Obama win good for NZ - Key
President Barack Obama's re-election will mean opportunities for New Zealand, Prime Minister John Key says.
Key last night congratulated Obama on his win and will today write a formal letter of congratulations.
The two men will meet again at the East Asia Summit in Cambodia later this month.
"I have enjoyed working with President Obama during his first term as President and welcome the opportunity to continue our strategic partnership over the coming years," Key said.
New Zealand's relationship with the United States was a close one, he said.
"With President Obama's re-election, there will be many opportunities to enhance the relationship."
US ambassador David Huebner said election day was a great show of American democracy but both candidates would have continued to support the New Zealand-US relationship.
He hosted celebrations at the Chicago Bar and Grill on Wellington's waterfront yesterday afternoon.
There were US flags, life-sized cutouts of Obama and Republican candidate Mitt Romney, and paraphernalia of both political parties.
"Election day is always a great day for us... what I'd be doing if I was back home if the same thing I'm doing here: sitting somewhere in front of a television, any where there's a television there's a little corner of America," Huebner said.
Victoria University students Lucho Arca and Paolo Alejandro, both 18, were at Chicago Bar yesterday because they find US politics more interesting than the Beehive goings-on.
"There's more money in it I guess," Arca said.
"Since we're young we just see Obama as a nice guy, and I guess that's one thing that draws us to him I guess."
Wellington Mayor Celia Wade-Brown said she believe Obama had done a good job despite facing difficult times.
"I know that America and relationship has remained reasonably cordial no matter who's in power in which country."
Right-wing political blogger David Farrar said it was a close race but Obama had the momentum going into the election.
Hurricane Sandy had helped him but was unlikely to have changed the result, Farrar said.
"If it'd been a week earlier I think it would be a real nail-biter result."
TOUGH ROAD AHEAD
The problems that dogged Obama in his first term, which cast a long shadow over his 2008 campaign message of hope and change, still confront him.
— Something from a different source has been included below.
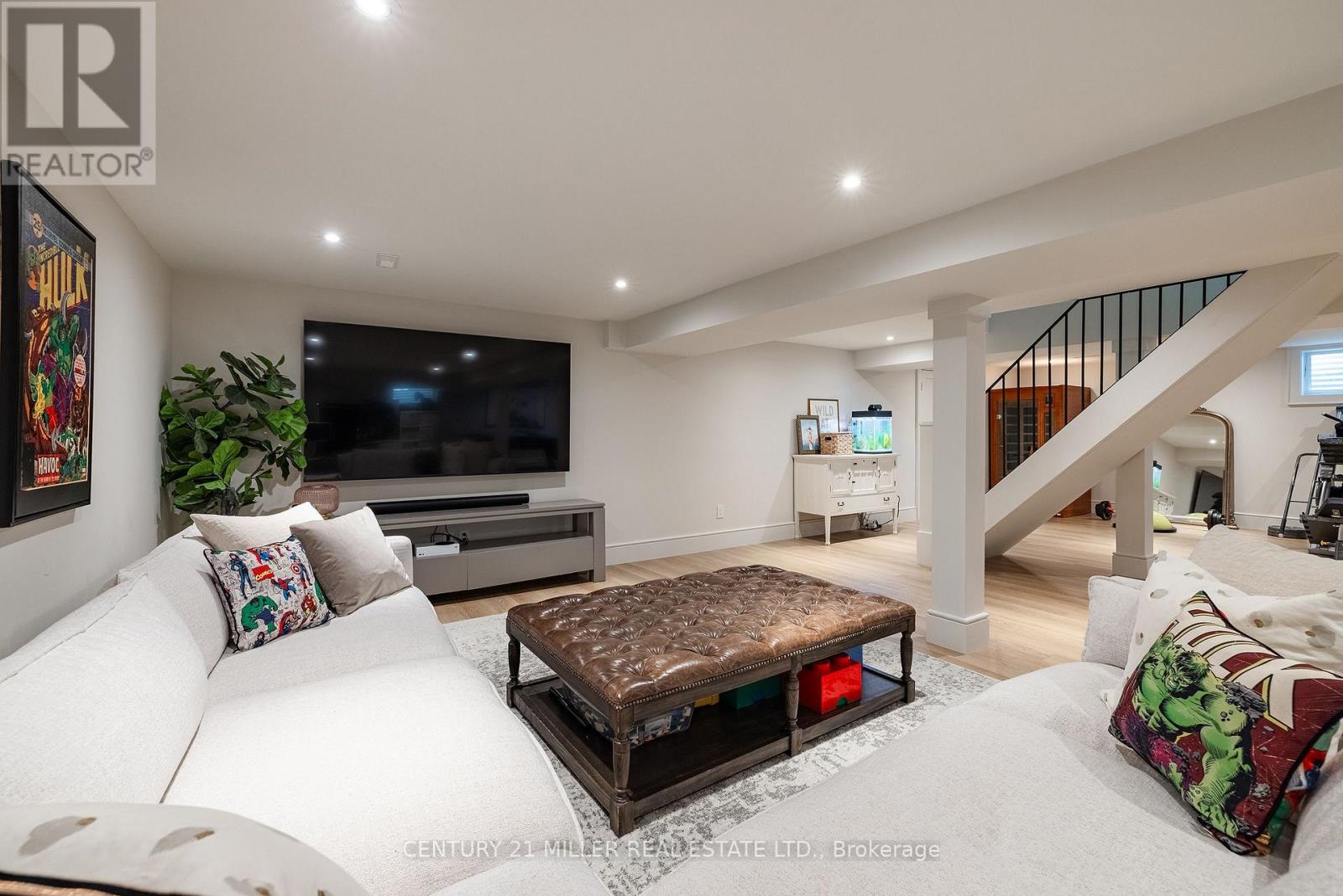 468 COPELAND COURT - 28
He must tackle the US$1 trillion annual deficits, rein in the US$16 trillion national debt, overhaul expensive social programs and deal with the split Congress.
The most urgent focus for Obama and US lawmakers will be to deal with the "fiscal cliff," a mix of tax increases and spending cuts due to extract some US$600 billion from the economy at the end of the year, barring a deal with Congress.
Economists warn it could push the United States back into recession.